Lastly, Liu freely moves from realism to allegory in ways that likely challenge his reading audience. While some of the scientific sections are sound, others are deliberately exaggerated. Near the end, there’s a bravura sequence where an alien civilization “unravels” a proton from 11 dimensions to 1, 2, and 3 dimensions, and then inscribes some sort of computer on that seemingly miniscule space. It’s one of the most fascinating pieces of bullshit I’ve read in years, but it is bullshit nonetheless. This is SF that isn’t afraid to break from realism, and I think Liu uses that break from reality to profound effect. While this echoes some of what Haruki Murakami is doing with his work in Japan, it’s a new concept for American and British SF writers, and I imagine it will take years for us to fully process how Liu is changing the rules of SF. I suspect the second part of this trilogy–coming out next year–will help us make more sense of this challenging work.

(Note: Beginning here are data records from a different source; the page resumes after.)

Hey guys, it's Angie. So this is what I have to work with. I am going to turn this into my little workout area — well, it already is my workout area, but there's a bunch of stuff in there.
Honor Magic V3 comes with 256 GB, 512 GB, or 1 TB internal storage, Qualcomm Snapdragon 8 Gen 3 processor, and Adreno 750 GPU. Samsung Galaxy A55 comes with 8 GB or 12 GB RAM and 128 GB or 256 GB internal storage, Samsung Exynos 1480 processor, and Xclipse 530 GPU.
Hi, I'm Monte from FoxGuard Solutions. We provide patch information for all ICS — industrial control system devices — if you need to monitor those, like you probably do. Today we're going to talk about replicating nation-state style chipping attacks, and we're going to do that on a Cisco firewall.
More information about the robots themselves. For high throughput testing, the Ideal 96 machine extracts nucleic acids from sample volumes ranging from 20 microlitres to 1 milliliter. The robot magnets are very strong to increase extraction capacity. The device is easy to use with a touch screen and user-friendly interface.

So, since Chaos Horizon is an awards website dedicated to predicting the Hugo and Nebula award, what are Liu’s chances? None? There’s no precedent in recent Hugo or Nebula history for a foreign-language book to break into those awards, no matter how deserving. Hopefully The Three-Body Problem will starts discussions about that insularity, but discussions aren’t enough to grab nominations. I think this was an important book—in fact, it’s been my favorite SF book of 2014, and probably the most interesting SF novel of the last 4 or 5 years—but that’s not necessarily reflected in the awards. The Hugo and Nebula provide a fascinating mix of the popular, the important, and the familiar, and The Three-Body Problem would need a huge push from the SF press to get into awards convention. Given some of the reviews linked below, it doesn’t quite look like it’s catching on. We’ll see.

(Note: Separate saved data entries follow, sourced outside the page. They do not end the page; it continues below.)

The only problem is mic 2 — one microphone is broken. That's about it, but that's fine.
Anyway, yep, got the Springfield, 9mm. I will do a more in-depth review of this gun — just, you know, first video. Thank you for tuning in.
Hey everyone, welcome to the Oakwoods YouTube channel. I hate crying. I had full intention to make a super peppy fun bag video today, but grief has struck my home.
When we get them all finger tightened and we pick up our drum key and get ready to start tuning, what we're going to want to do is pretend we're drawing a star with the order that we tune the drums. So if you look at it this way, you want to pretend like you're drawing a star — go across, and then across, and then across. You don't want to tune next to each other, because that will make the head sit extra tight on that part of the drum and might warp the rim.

First published in English on November 11, 2014.
Originally published in Chinese in 2008.
An interesting mix of positive and negative. Three Body-Problem has gotten a good (not great) amount of coverage, but some of it has expressed reservations concerning Liu’s use of characters. Throw in a measured review at Tor.com (I don’t formally list Tor.com because I’m suspicious of Tor reviewing books it publishes), and we’re seeing a solid—but not overwhelmingly enthusiastic—mainstream reception.
WordPress Blog Reviewers:
Bree’s Book Blog (4 out of 5)
Bibliotropic (5 out of 5)
Mountain was Here
Violin in a Void (7 out of 10)
Michael Patrick Hicks
Avid Reviews (9 out of 10)
In general, a positive set of reviews, speaking highly of Cixin Liu’s mind-boggling ideas, with some reservations expressed due to lack of characterization and the complexity of some of the physics. I’d say that WordPress bloggers have actually done a better job of “getting” and “understanding” the novel than the mainstream reviewers have. Cixin Liu’s strengths as a writer make up for any weakness he might have in terms of structure, particularly if you allow yourself to be open to an entirely different model of SF.